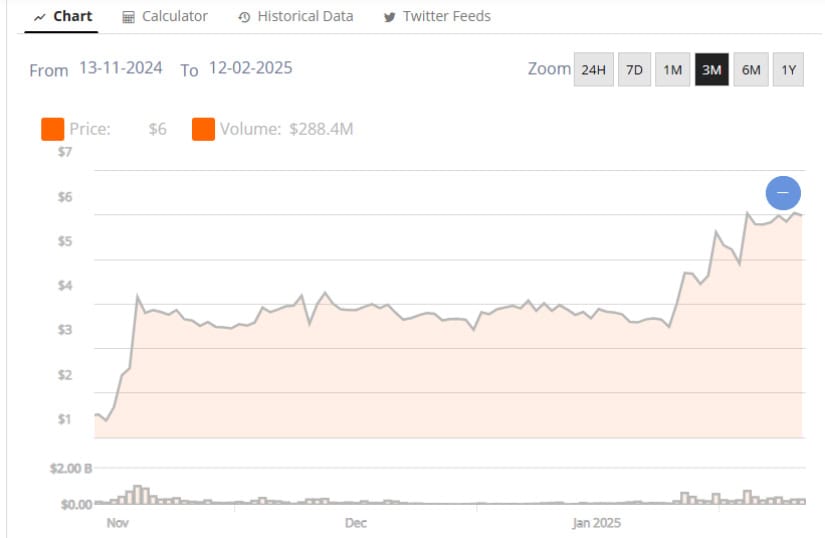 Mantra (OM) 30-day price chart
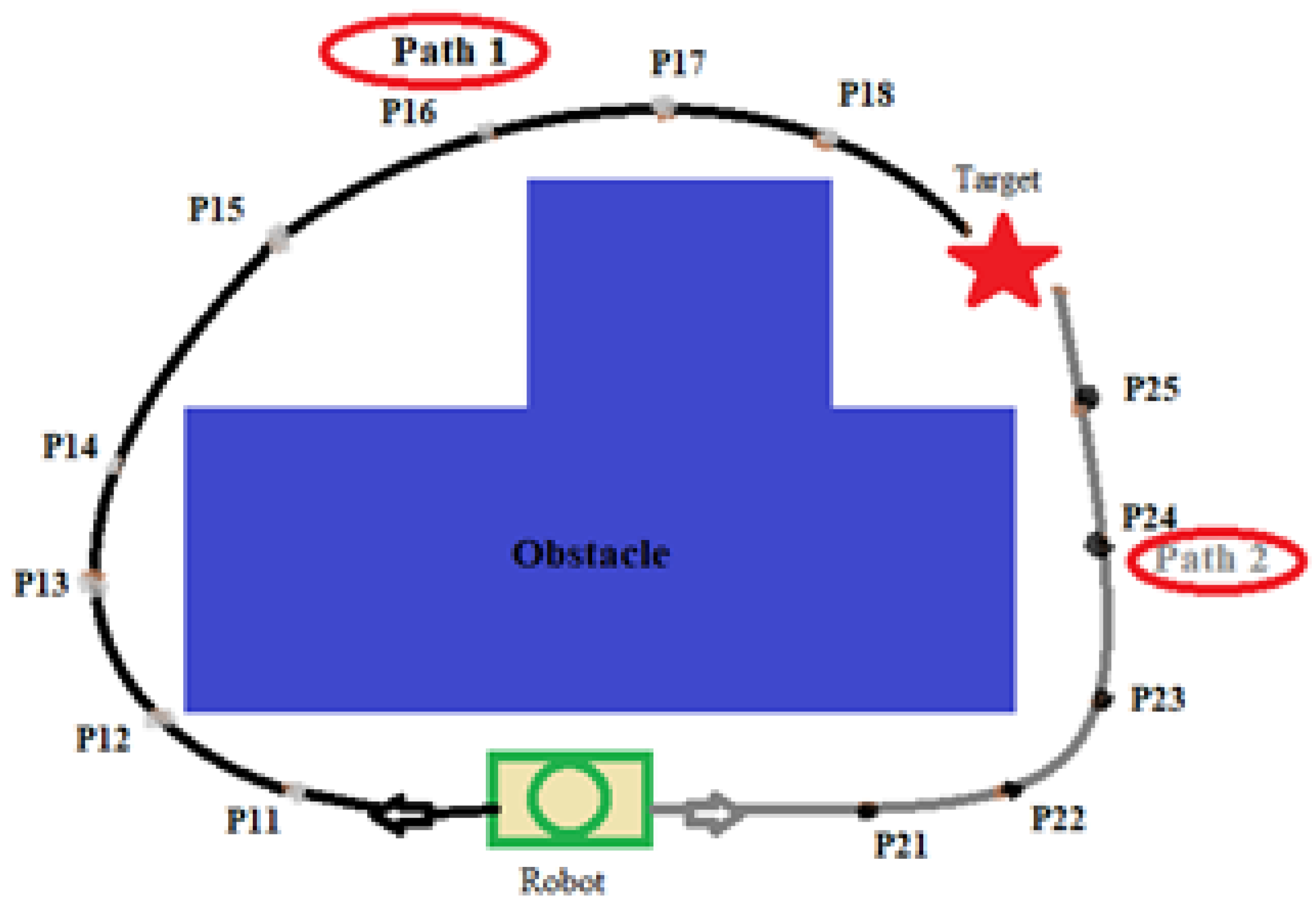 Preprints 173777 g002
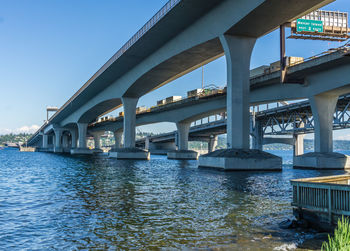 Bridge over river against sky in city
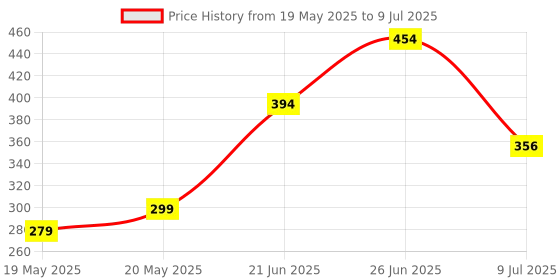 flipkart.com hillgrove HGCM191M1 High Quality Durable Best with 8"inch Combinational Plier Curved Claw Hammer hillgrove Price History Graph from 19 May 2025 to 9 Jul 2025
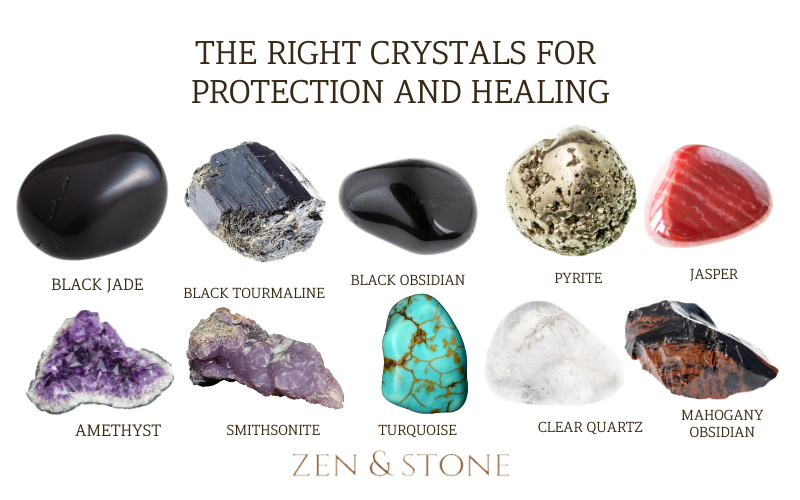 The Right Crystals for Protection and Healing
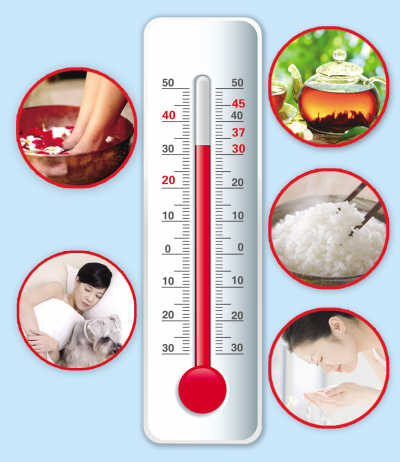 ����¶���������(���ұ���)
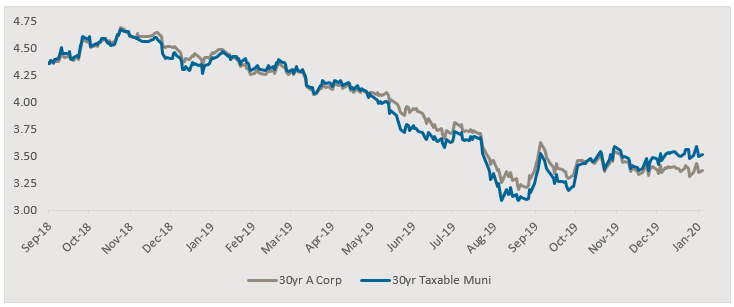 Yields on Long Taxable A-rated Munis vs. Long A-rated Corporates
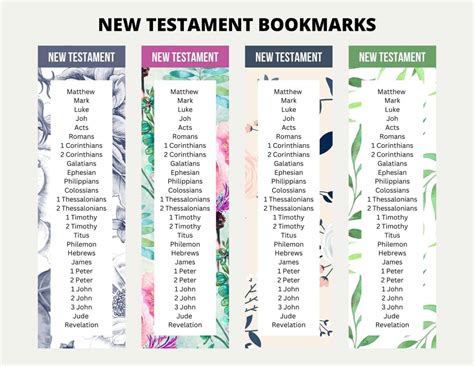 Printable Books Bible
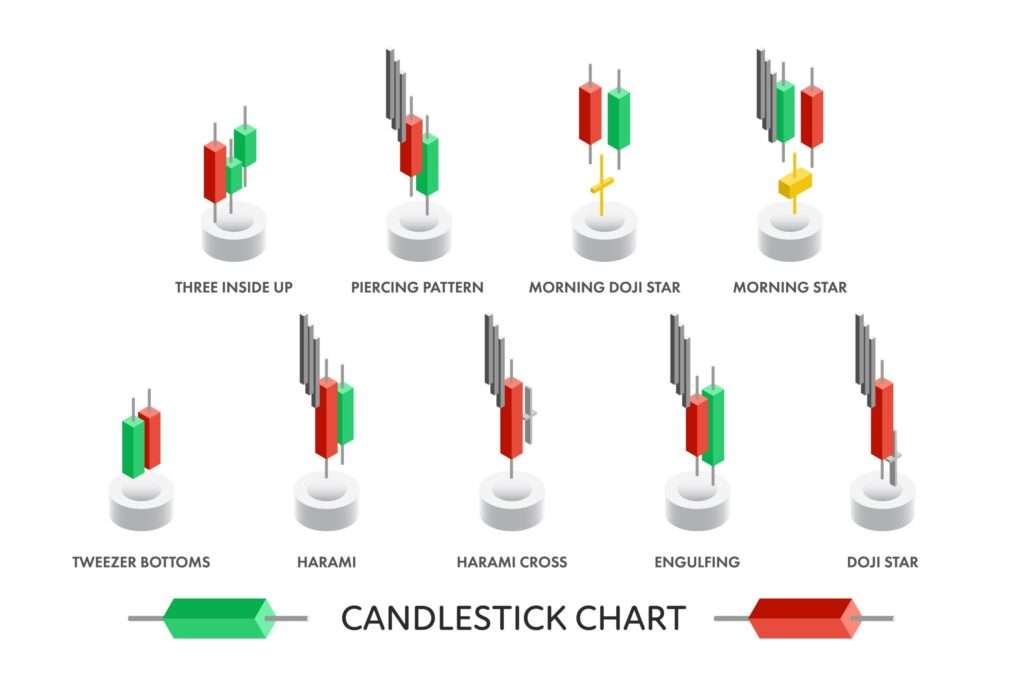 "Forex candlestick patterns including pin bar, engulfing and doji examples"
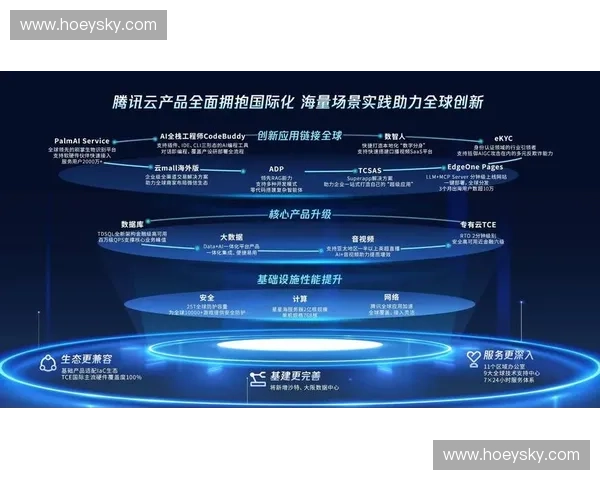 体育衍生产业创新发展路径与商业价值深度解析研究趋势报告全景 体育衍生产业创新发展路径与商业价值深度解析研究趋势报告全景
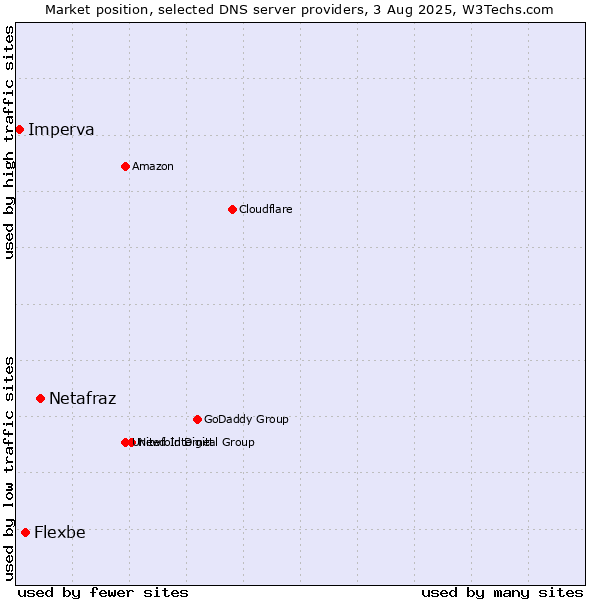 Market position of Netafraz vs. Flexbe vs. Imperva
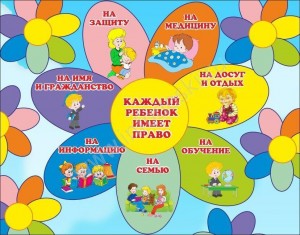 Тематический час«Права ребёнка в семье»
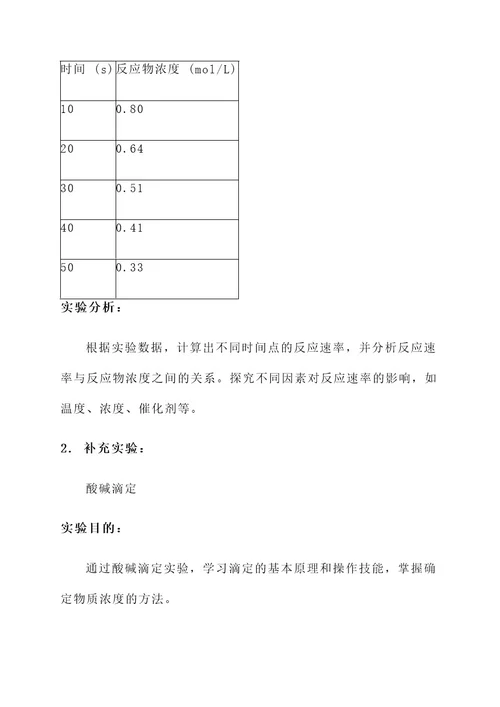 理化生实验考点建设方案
_ _ _ _ _
Your goal: Print each entry exactly, leaving pictures out.

The answer:
 Mantra (OM) 30-day price chart
 Preprints 173777 g002
 Bridge over river against sky in city
 flipkart.com hillgrove HGCM191M1 High Quality Durable Best with 8"inch Combinational Plier Curved Claw Hammer hillgrove Price History Graph from 19 May 2025 to 9 Jul 2025
 The Right Crystals for Protection and Healing
 ����¶���������(���ұ���)
 Yields on Long Taxable A-rated Munis vs. Long A-rated Corporates
 Printable Books Bible
 "Forex candlestick patterns including pin bar, engulfing and doji examples"
 体育衍生产业创新发展路径与商业价值深度解析研究趋势报告全景 体育衍生产业创新发展路径与商业价值深度解析研究趋势报告全景
 Market position of Netafraz vs. Flexbe vs. Imperva
 Тематический час«Права ребёнка в семье»
 理化生实验考点建设方案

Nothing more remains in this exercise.